It looked reasonable; there was no dissent. We swung around a curve and a vista opened out of a ragged valley, broken by gorges and caÑons with sheer walls of soft rock.

One of the other engineers chuckled. “Look at that!” He pointed up the valley and his finger followed one of the caÑons. “How did they cut and try on that proposition?”

There, for as far as the eye could follow the turnings of the caÑon way was the line of a ditch, an aqueduct, that hung some twenty to fifty feet below the edge of the cliff. It had been cut into the wall of rock, leaving a lip along the outer edge to hold in the current. Here and there, where the ragged trace of the caÑon made projecting, buttressing angles, the aqueduct had been driven as a short-cut tunnel straight through. Here and there great sections of the caÑon walls had fallen, while occasionally it appeared as though the outer lip had been destroyed by man-made efforts—one of the old Spanish methods of hurrying up a little ready tribute—but never had there been a possibility of using any “cut and try” method of its construction.

“Well,” remarked the first, “there goes that theory—and it isn’t original with me either—for I reckon they had to run that level first and chalk it up on the rock to cut by in some kind of a way.”

It is a trifle staggering, when you think of it, that a nation that was able to solve engineering difficulties like these, to turn an arid desert into a teeming farm and to organize and administer a vast empire, should have been wantonly destroyed all for the lack of a little knowledge of the combination of saltpetre, sulphur, and charcoal. And the wretched waste! Think of that church-benisoned riffraff of the medieval slums, recognizing only the greed for raw gold, wasting a whole people in torture to satisfy the rapacious gluttony of a Spanish court.

Sometimes the train crawled along no faster than a bare walk, so steep were the grades and sharp the turns. There was nothing of the scenic splendor such as one may get in the railroads among the Alps of Switzerland and where, as one climbs, one may look down and back into the green landscape of a panorama. The scale was too great, the sense of proportion and distance was subdued; a stretch great enough for a Swiss panorama was one vast gorge twisting its way among the vaster masses of the Andes. The crest of the pass itself was higher than Mount Rainier.

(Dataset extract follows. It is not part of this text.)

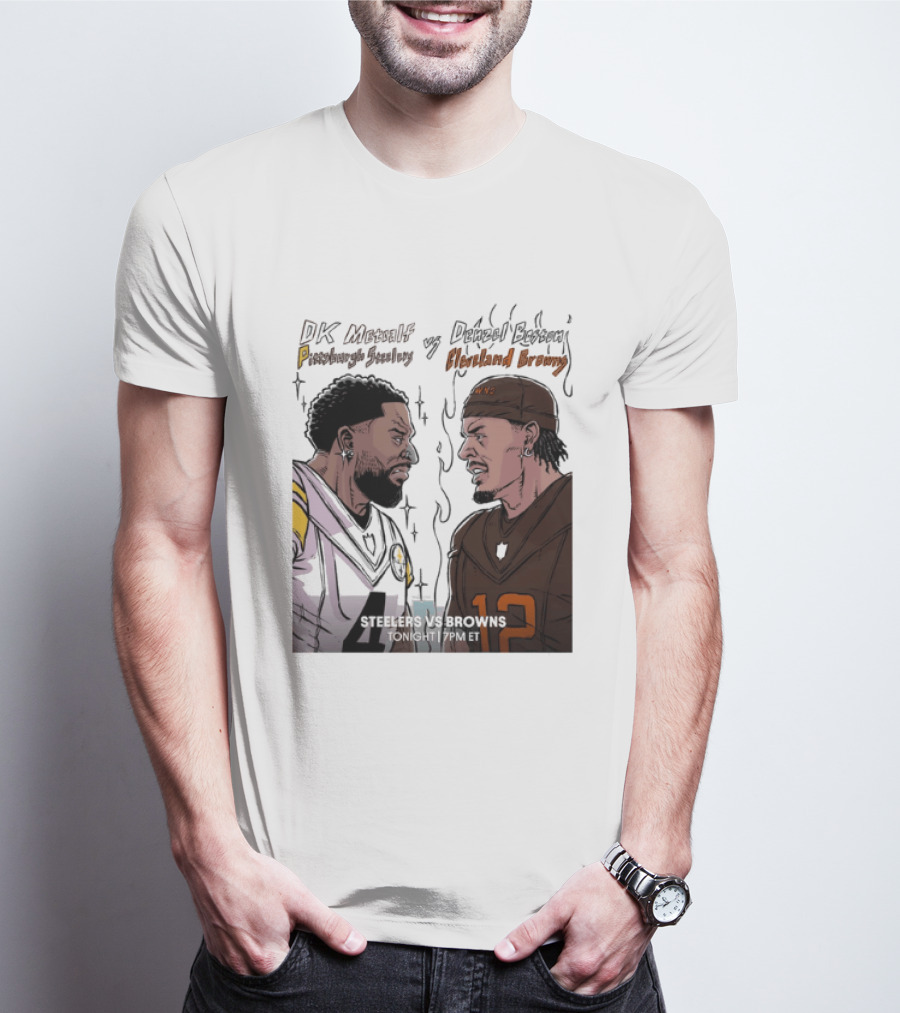 DK Metcalf Pittsburgh Steelers Vs Denzel Boston Cleveland Browns Steelers Vs Browns T-Shirt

Sometimes the train passed over high plateaus where occasionally in the distance could be seen the low house of some hacienda or the grouped huts of Indians while beyond in the great distance the plain was rimmed with a jagged line of snow-capped peaks. The winds swept across the level stretches, raising an assortment of sand-spouts and dusty cyclones. They were of all sizes, from tiny remolinos that died in a few puffs to towering whirlwinds that spiraled fifteen hundred feet in the air with a base of fifty feet that juggled boulders in its vortex like so many cork chips. They would move leisurely for a short space and then dart like a flash in an erratic path. Sometimes fifteen or twenty of these would be in sight at the same time. Herds of llamas grazed over the plain, sometimes a flock of sheep or an occasional horse, each with a wary eye on the whirlwinds; if one approached too near they galloped off. Not infrequently a herd of guanacos would gallop off at the approach of the train or could be seen grazing in the distance.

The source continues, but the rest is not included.